KUALA LUMPUR, Sept 13 — Finance Minister Lim Guan Eng said today that the ringgit is among the world’s best performing currencies, rebutting Datuk Seri Najib Razak’s claim that the currency has not recovered despite him stepping down after the polls.

Lim said the ringgit’s strength is proof of local and foreign investors’ confidence in Putrajaya, despite a regime change with Tun Dr Mahathir Mohamad replacing Najib as prime minister.

“Since the end of 2017, the value of the ringgit compared to the US dollar only fell 2.2 per cent as at September 11, 2018,” Lim said in a statement.

He said it was a much better performer compared to other currencies such as the Australian dollar — whose value fell by 9.9 per cent in the same period — Indonesian rupiah (9.8 per cent), Chinese yuan (5.6 per cent), South Korean won (5.7 per cent) and the Singaporean dollar (3 per cent).

Lim also provided a table, denoting the ringgit as one of the most stable currencies with a floating exchange rate compared to 12 other selected currencies.

“The Pakatan Harapan federal government is really confident that the position of ringgit’s currency value will only rebound in the medium term after all Barisan Nasional’s debt problems and scandals, such as 1MDB, are solved,” he said.

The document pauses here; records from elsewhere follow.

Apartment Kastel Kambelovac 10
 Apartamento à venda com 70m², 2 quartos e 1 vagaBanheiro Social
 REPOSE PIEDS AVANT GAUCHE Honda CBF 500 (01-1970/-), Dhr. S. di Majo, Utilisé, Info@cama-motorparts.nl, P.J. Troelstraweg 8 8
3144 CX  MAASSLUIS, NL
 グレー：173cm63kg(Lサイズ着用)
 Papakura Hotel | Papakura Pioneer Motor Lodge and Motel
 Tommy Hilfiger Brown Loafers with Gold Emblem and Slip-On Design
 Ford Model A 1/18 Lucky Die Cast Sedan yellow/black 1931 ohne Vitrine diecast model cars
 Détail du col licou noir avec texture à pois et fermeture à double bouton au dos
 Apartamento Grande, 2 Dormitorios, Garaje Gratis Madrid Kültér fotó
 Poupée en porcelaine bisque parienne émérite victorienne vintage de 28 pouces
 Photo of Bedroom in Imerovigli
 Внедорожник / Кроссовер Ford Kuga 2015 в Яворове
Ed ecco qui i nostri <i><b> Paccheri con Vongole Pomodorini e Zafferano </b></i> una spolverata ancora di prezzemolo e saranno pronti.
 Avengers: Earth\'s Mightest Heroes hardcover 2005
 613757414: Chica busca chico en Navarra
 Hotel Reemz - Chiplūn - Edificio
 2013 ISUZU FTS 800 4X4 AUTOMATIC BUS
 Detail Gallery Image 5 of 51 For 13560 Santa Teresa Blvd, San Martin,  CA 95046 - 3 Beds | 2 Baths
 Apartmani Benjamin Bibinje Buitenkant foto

Yesterday, Najib said the ringgit’s performance since the general election shows it has decoupled from global oil price, insisting he was falsely accused of causing the currency’s devaluation previously.

The former prime minister posted two charts online detailing the historical performance of the Malaysian currency against the price of Brent Crude going back to 2010 that showed a directly inverse relationship between the two until recently.

Expressing concern with the ringgit’s decline now, he asserted that the recent fall was not caused by a dip in the oil price as this has risen to US$78 per barrel, while the Malaysian currency has gone in the opposite direction.

Najib also held up the ringgit’s recovery between 2010 and 2013, which he said was made possible because he avoided pegging the Malaysian currency in the way Dr Mahathir had during the 1997 Asian Financial Crisis.